As we all know, SCOTUS' June 26th ruling on Obergefell signaled the coming end of the world. Now, living in America is the equivalent of a one-way ticket to hell unless you are able to somehow convince God that you are totally against the notion that queers and women are people. Don't worry, good cafeteria Levitickers (could be a word), the GOP has your back. A piece of legislation called the First Amendment Defense Act has been introduced in the Senate and the House. It already has 130 Republican sponsors in the House, so you know it's going to be chock-full of freedom.

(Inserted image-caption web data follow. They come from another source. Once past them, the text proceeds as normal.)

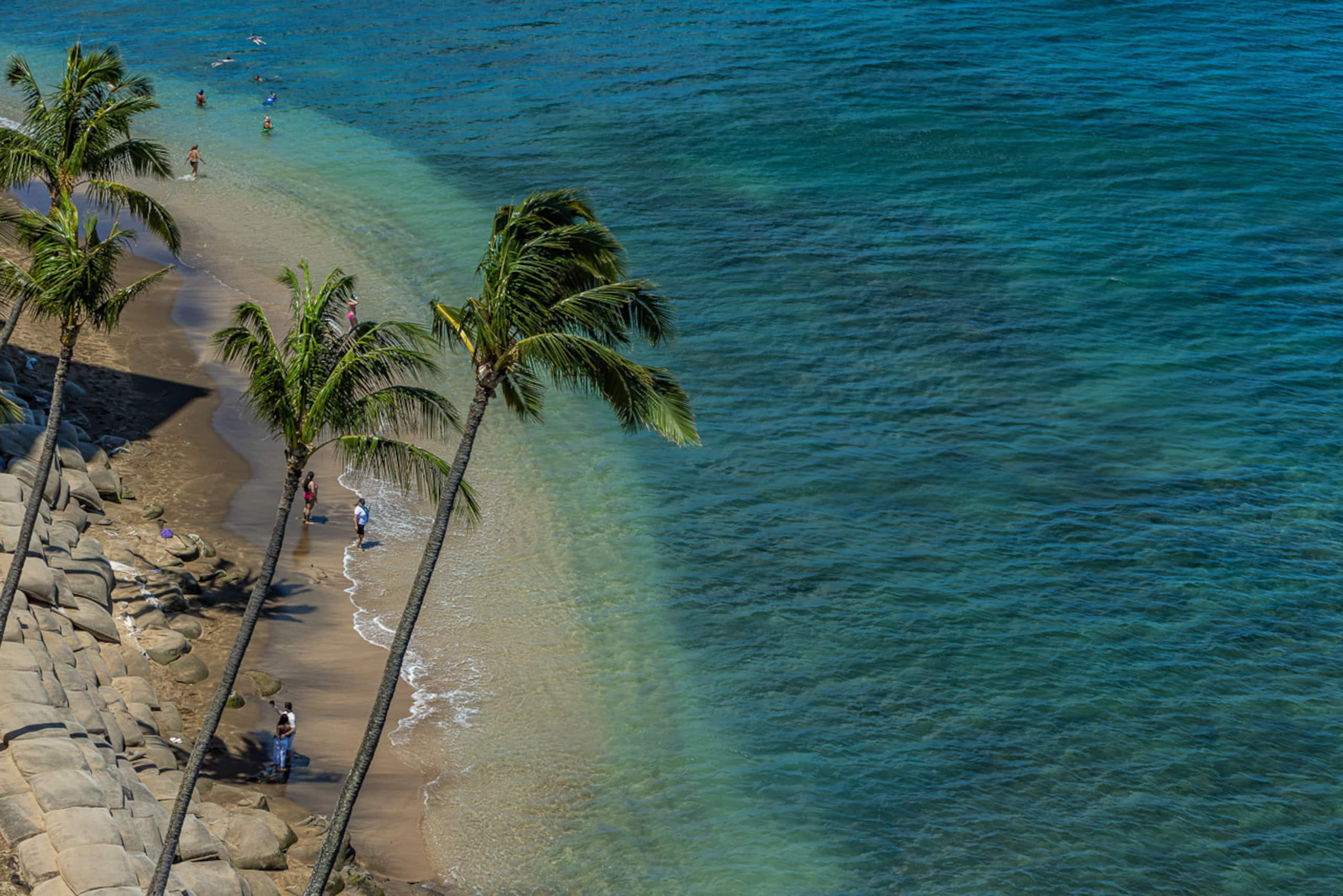 Condo in Lahaina · ★4.18 · 2 bedrooms · 4 beds · 2.5 baths - Image 53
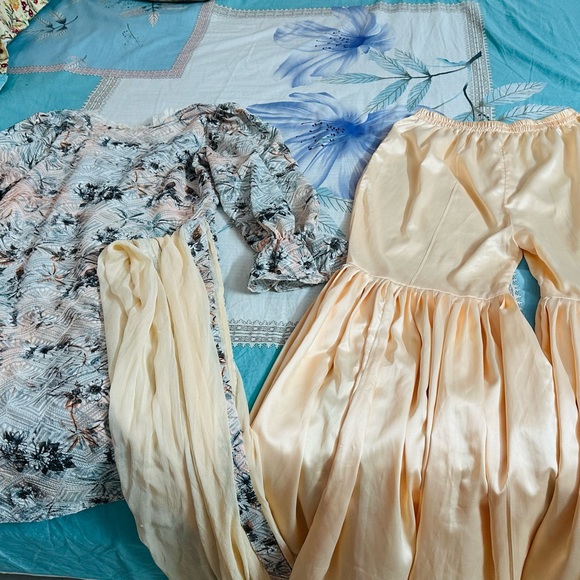 Eid  wear Women 3 PCs salwar suit custom made - Picture 7 of 9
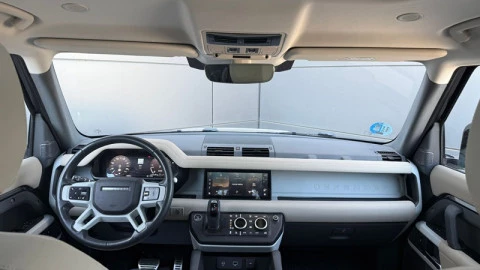 Land Rover Defender 3.0D I6 250 SE 110 Auto 4WD MHEV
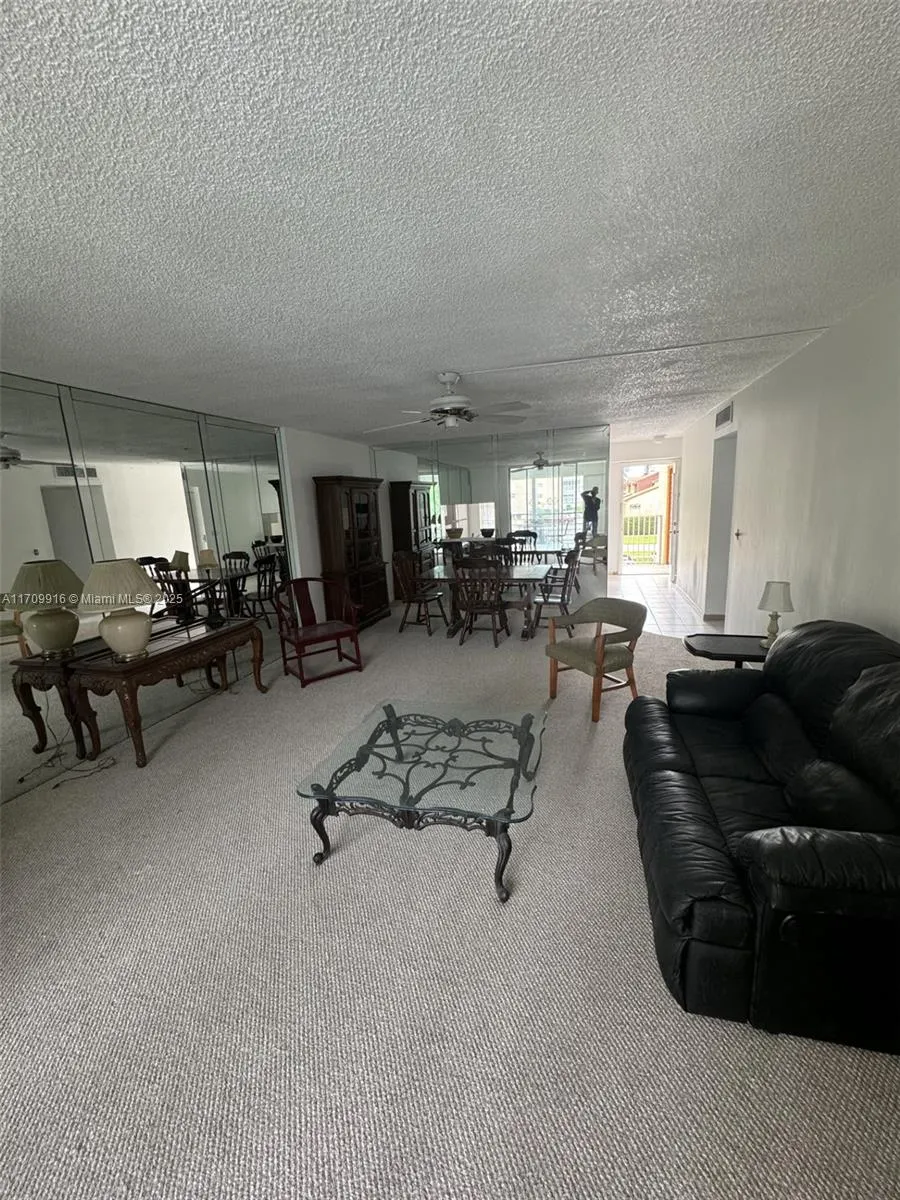415 SE 11th Ter, #201
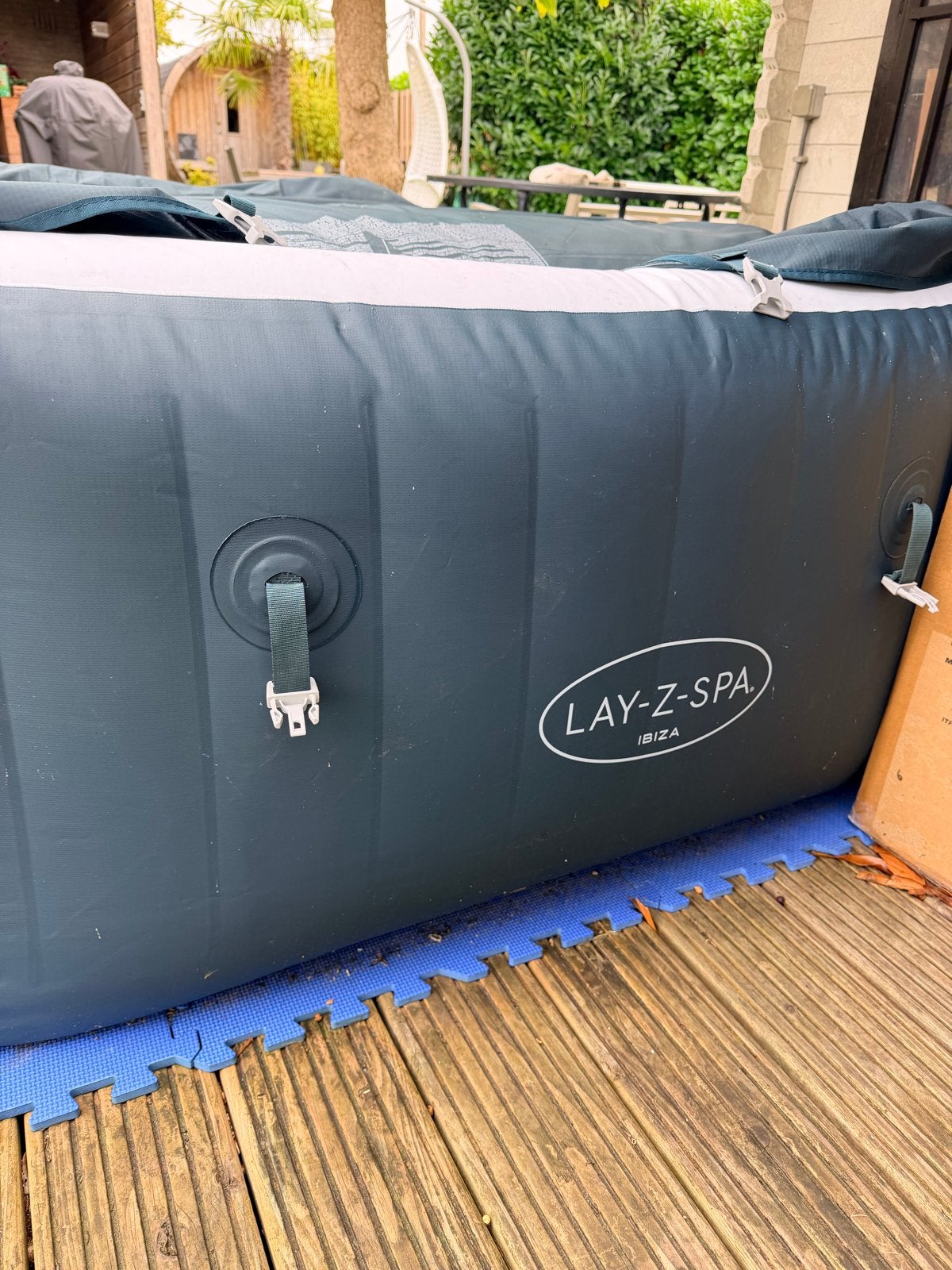 Lay-Z-Spa Ibiza opblaasbare jacuzzi, Ophalen of Verzenden, Gebruikt, Afdekzeil, Opblaasbaar
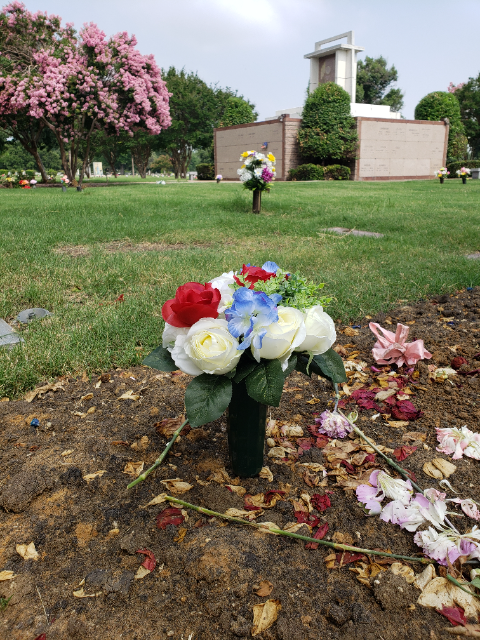 Flower delivery for Charles Lollar
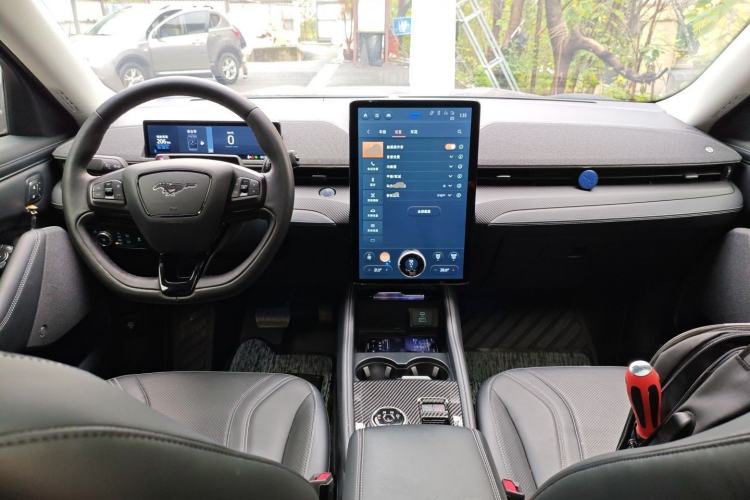 Used Ford Mustang Mach-E 2021 AION Y Plus Rear-Drive Luxury Edition (Long Range) Interior 2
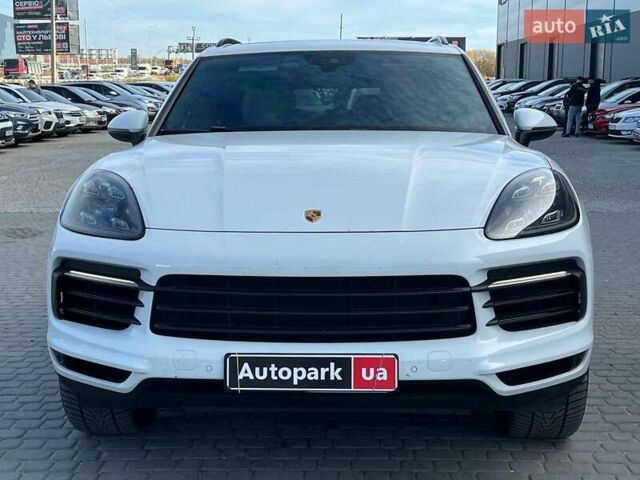 Белый Порше Каен, объемом двигателя 3 л и пробегом 100 тыс. км за 59990 $, фото 1 на Automoto.ua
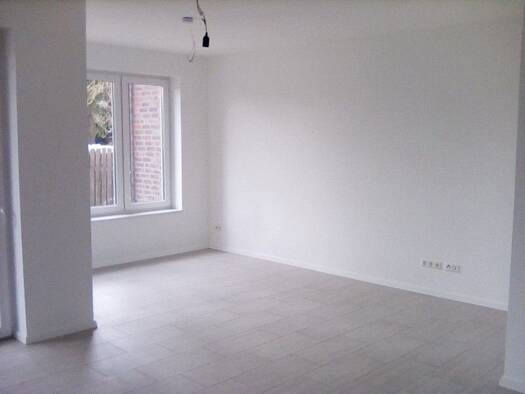 Terrassenwohnung zur Miete 770 € 3,5 Zimmer 86,7 m² frei ab 01.12.2026 Essen Essen (Oldenburg) 49632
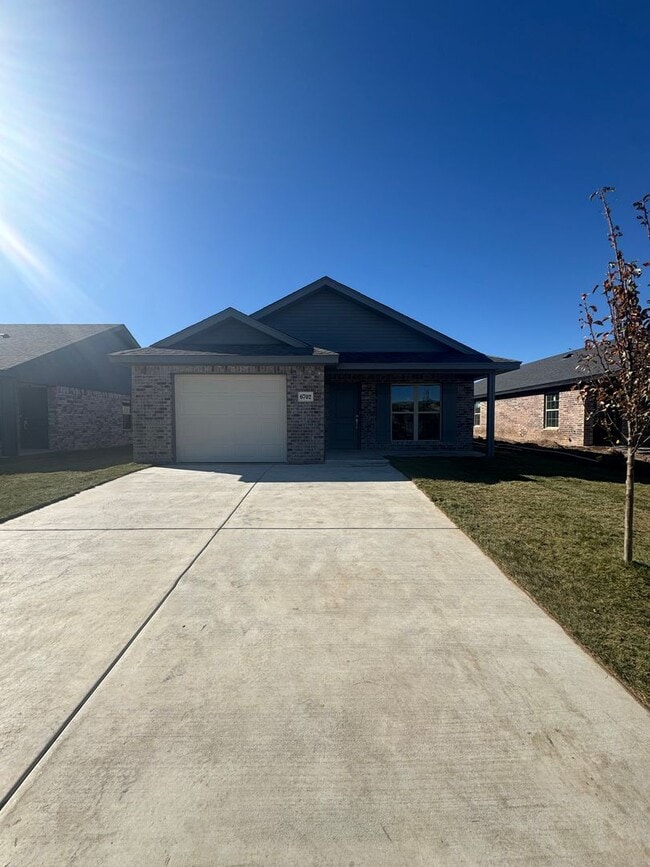 Building Photo - 3/2/1 Fabulous new build 2025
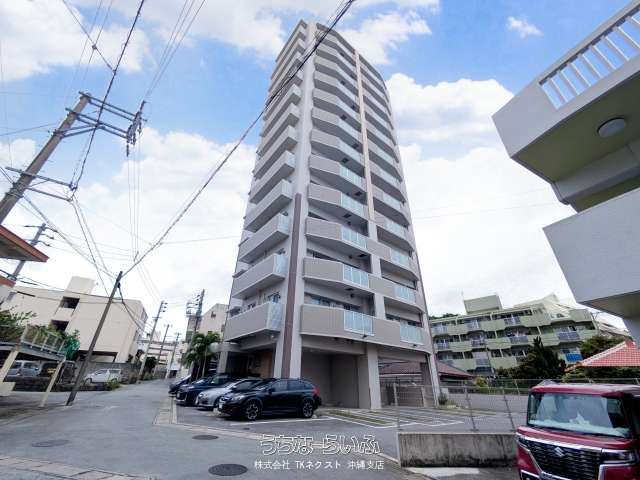3LDK Corner Apartment with Dual Balconies for Sale in Naha - Image 1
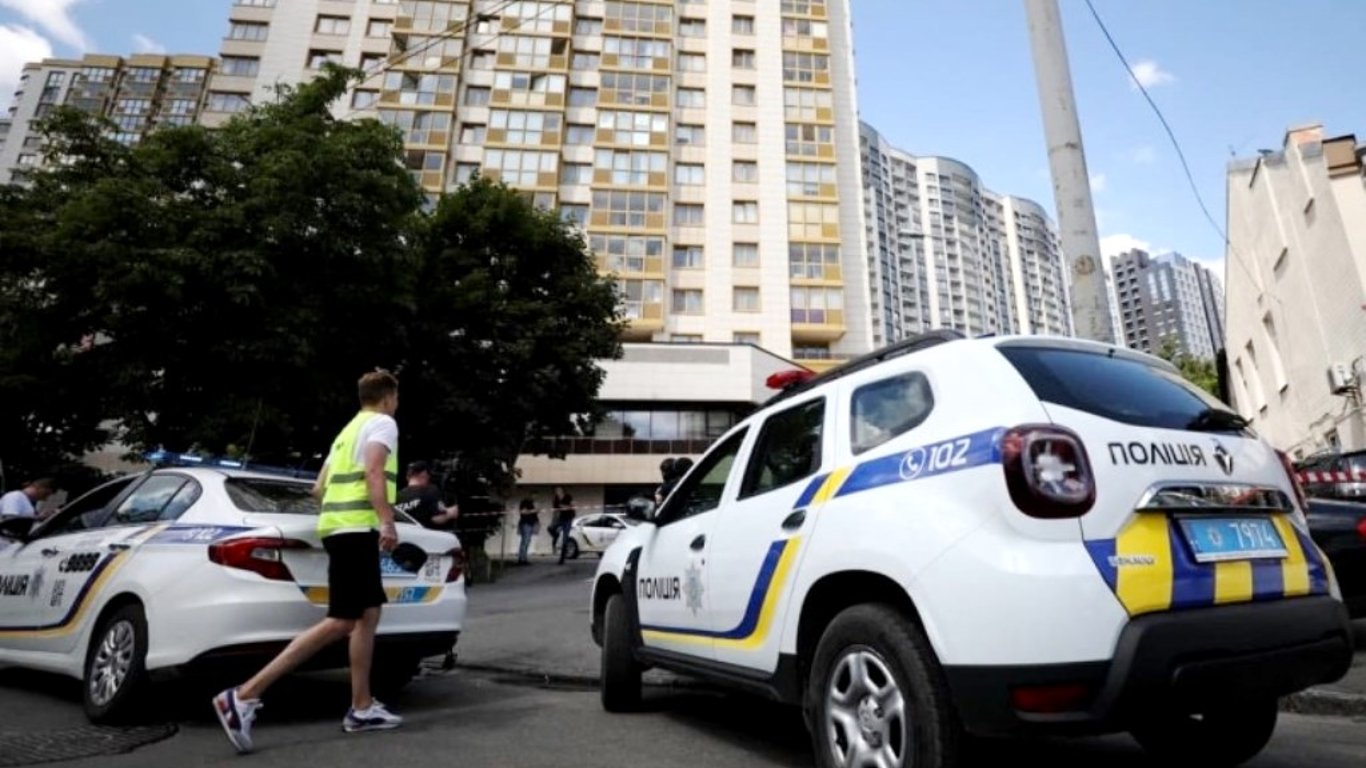 Афера с недвижимостью — в Киеве задержали мошенника, продавшего чужую квартиру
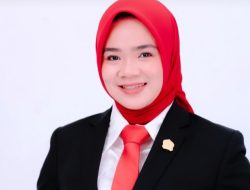 Menguak Perjuangan Andi Tenri Walinonong, SH, Wanita Pertama Pimpin Parlemen Bone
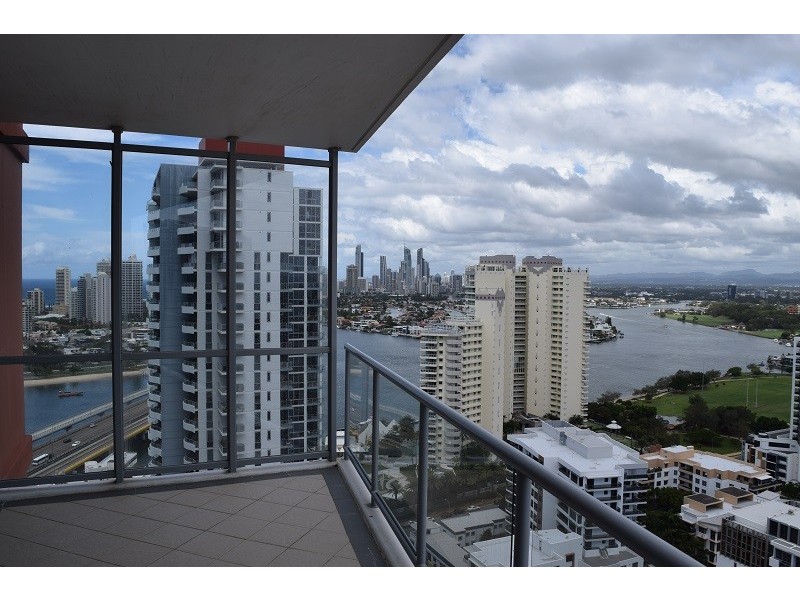 29/1 Como Crescent, Southport QLD 4215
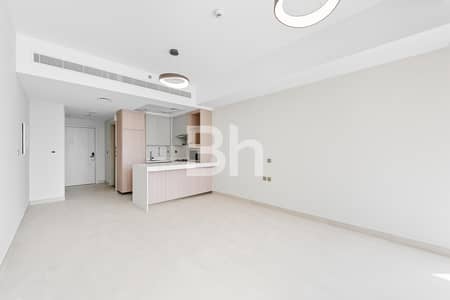 Studio for Rent in Jumeirah Village Circle (JVC), Dubai - Move In Ready|Unfurnished |Modern Studio Apartment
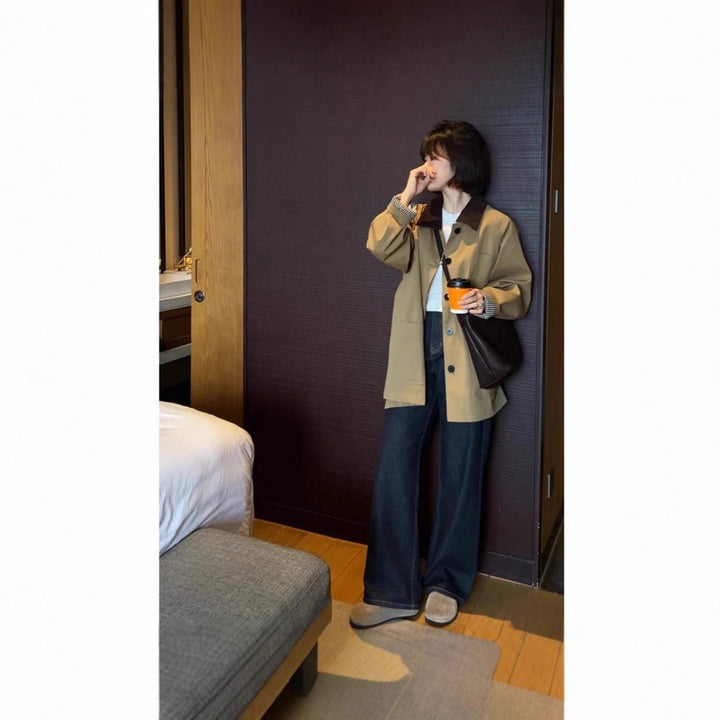 Womens Wide Short Jacket in Cabana Style with Contrast Collar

The text reads:
"Notwithstanding any other provision of law, the Federal Government shall not take any discriminatory action against a person, wholly or partially on the basis that such person believes or acts in accordance with a religious belief or moral conviction that marriage is or should be recognized as the union of one man and one woman or that sexual relations are properly reserved to such a marriage."
Thank goodness! If this passes, landlords will be able to say, "oh, you want to add your wife to the lease? I'm afraid I will face eternal damnation if I let you do that, so you are now officially homeless. It is what my god wants." Restaurants will be able to ask two girls on their first date to stop eating their breadsticks until they can come back with proper male companions. When a single woman tells her boss she's pregnant, she can be fired for flaunting her sinning ways in order to protect the employer from doing anything un-Christian-like such as provide a source of income to a mother. Isn't this bill just fantastic?
What's great is that so many people already have practice exercising their religious rights this way. As Dana Liebelson
wrote for the Huffington Post, "There are a number of recent cases where religious schools have fired unwed teachers for becoming pregnant. A Montana Catholic school teacher who was fired for having a baby out of wedlock, for example, filed a discrimination charge last year with the EEOC."
And in case you're worried that this isn't the intention of the bill, be comforted. The Senator who introduced the companion bill, Mike Lee (R-Utah) told NPR "There are colleges and universities that have a religious belief that sexual relations are to be reserved for [heterosexual] marriage" and they "ought to be protected in their religious freedom." Phew! What a relief.
If your Representative
has cosponsored this bill, please thank him or her for trying to protect us from needing to risk a hellish afterlife by treating people respectfully.